Flagrantly ceremonious whines of John Legend (ithappens), Tuesday, 23 June 2015 12:20 (eleven years ago)

Just changed mine again so we don't get too many people being flagrantly ceremonious.

Roaming gang of aggressive circlepits (ithappens), Tuesday, 23 June 2015 12:21 (eleven years ago)

how do we go about inviting tom watson to ilm btw

bizarro gazzara, Tuesday, 23 June 2015 12:24 (eleven years ago)

"Swarm of Antipathy" sounds like a Suffocation song (or album title).

the top man in the language department (誤訳侮辱), Tuesday, 23 June 2015 12:35 (eleven years ago)

speaking of antipathy

http://www.vox.com/2015/6/25/8840233/art-metal

j., Thursday, 25 June 2015 13:54 (ten years ago)

"what value is there in saying that I like Rihanna and Tegan and Sara? Everybody likes Rihanna and Tegan and Sara."

Badmotorfinger Debate Club (MFB), Friday, 26 June 2015 04:04 (ten years ago)

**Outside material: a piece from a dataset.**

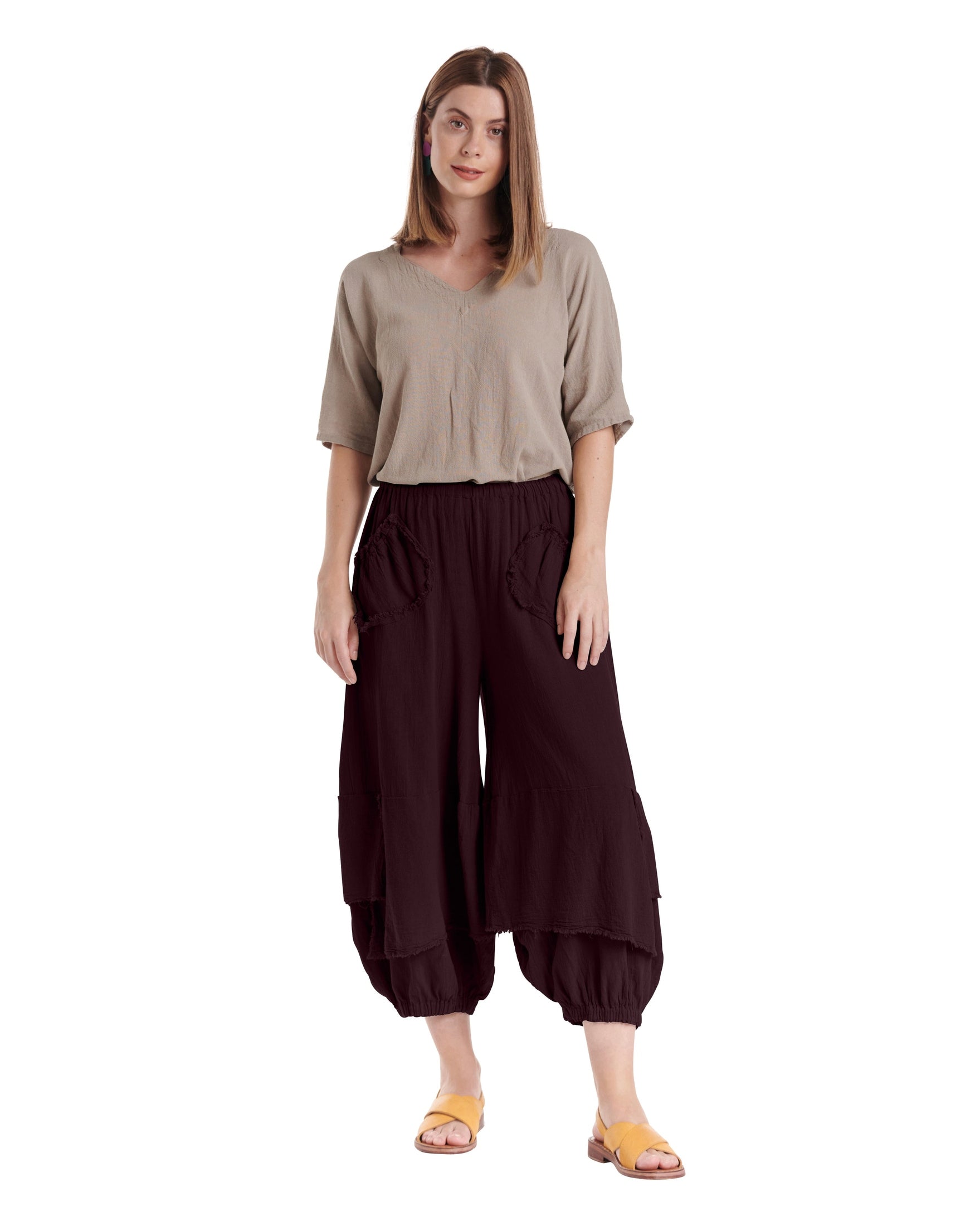 Guchi Cotton Gauze Pants-Oh My Gauze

that's the kind of thing that makes me want to stop talking about music in any medium in case there's even a sliver of a chance I come off like that

from what I understand of this dude though that isn't the kind of emotion he wrestles with right

there was a lot of beer and people doing sit ups, (laughs) (DJ Mencap), Friday, 26 June 2015 09:04 (ten years ago)

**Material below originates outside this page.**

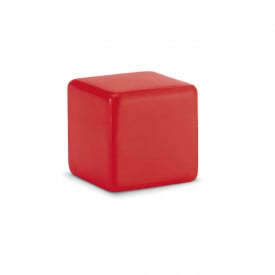 Anti-stress vierkant zacht materiaal-Rood-Zonder opdruk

I thought that piece was overall quite good. Are you saying that one part ruined the whole thing for you?

the top man in the language department (誤訳侮辱), Friday, 26 June 2015 10:24 (ten years ago)

are any of those bands particularly arty? they're all pretty accessible through the medium of weed.

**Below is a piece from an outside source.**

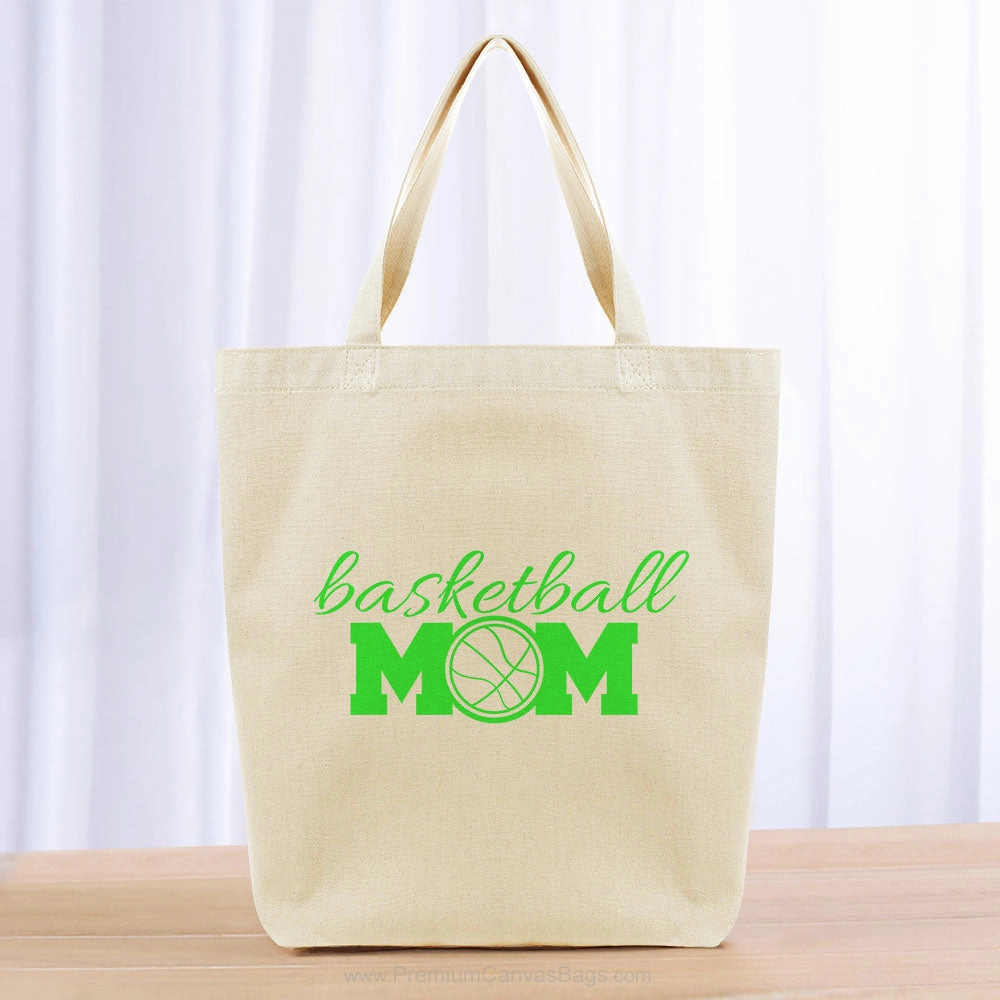 Basketball Mom Tote Bag - green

deboer way too self-impressed shocker

insufficiently familiar with xgau's work to comment intelligently (BradNelson), Friday, 26 June 2015 10:34 (ten years ago)

Think about the audience, though. This piece is on Vox - therefore it's aimed at, and being read by, half-aspie Poli Sci nerds who think listening to Sleater-Kinney means they're still hardcore, even though they spend all day fellating members of Congress in print. Introducing those people to metal is tough work, and even though to the half-aspie music nerds of ILM all these bands are gonna be the usual suspects and last decade's news, there are still plenty of people who've never heard them. Also, I like this part; it's a sentiment that needs emphasizing more often:

"If you don’t like it, you don’t like it. This is music, not church. 'It’s not for me' is one of the most freeing, most useful statements you can make."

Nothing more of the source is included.